पापानुबन्धं को नु तं कामयेत क्षमैव ते ज्यायसी नोत भोगा: | यत्र भीष्म: शान्तनवो हतः स्याद् यत्र द्रोण: सहपुत्रो हतः स्यात्,जो पापकी जड़ है, उस क्रोधकी इच्छा कौन करेगा? आपकी दृष्टिमें तो क्षमा ही सबसे श्रेष्ठ वस्तु है, वे भोग नहीं, जिनके लिये शान्तनुनन्दन भीष्म तथा पुत्रसहित आचार्य द्रोणकी हत्या की जाय
sañjaya uvāca |
pāpānubandhaṃ ko nu taṃ kāmayeta kṣamaiva te jyāyasī nota bhogāḥ |
yatra bhīṣmaḥ śāntanavo hataḥ syād yatra droṇaḥ sahaputro hataḥ syāt ||
Sañjaya said: “Who would ever desire that anger which is bound up with sin?

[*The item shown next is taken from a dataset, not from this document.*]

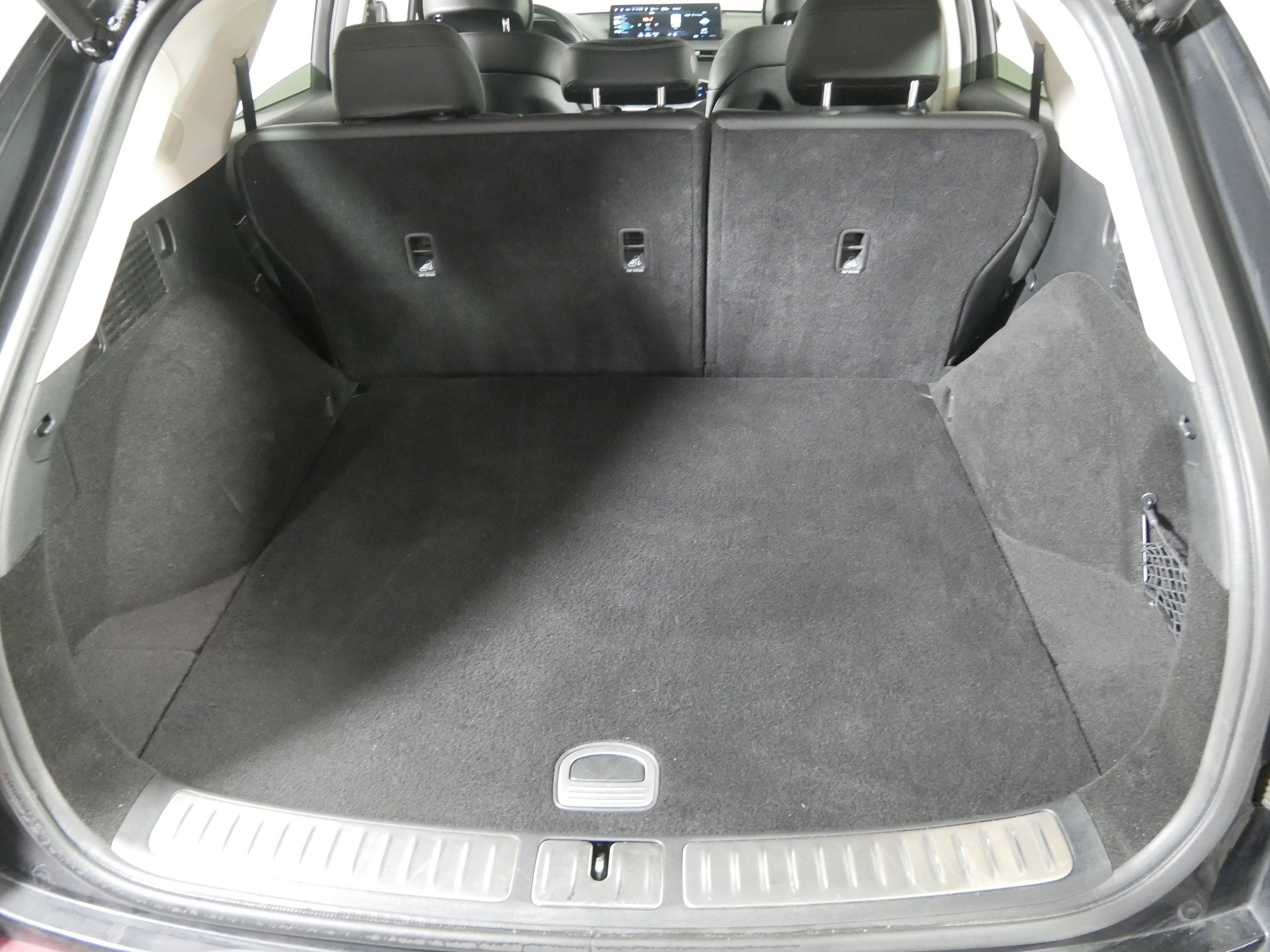 Certified 2022 Genesis GV70 2.5T w/ Select Package image 18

In your judgment, forgiveness alone is the higher good—not the pleasures for whose sake Bhīṣma, the son of Śāntanu, would be slain, and Droṇa too would be slain together with his son.”
संजय उवाच
Anger that leads to sinful consequences is not worth desiring; forgiveness (kṣamā) is ethically superior to worldly enjoyments, especially when those gains would require killing revered elders like Bhīṣma and the teacher Droṇa (with his son).
Sañjaya voices a moral warning in the pre-war context: pursuing pleasure or advantage through wrath-driven conflict would entail the death of eminent figures on the Kuru side—Bhīṣma and Droṇa—highlighting the grave cost of escalation.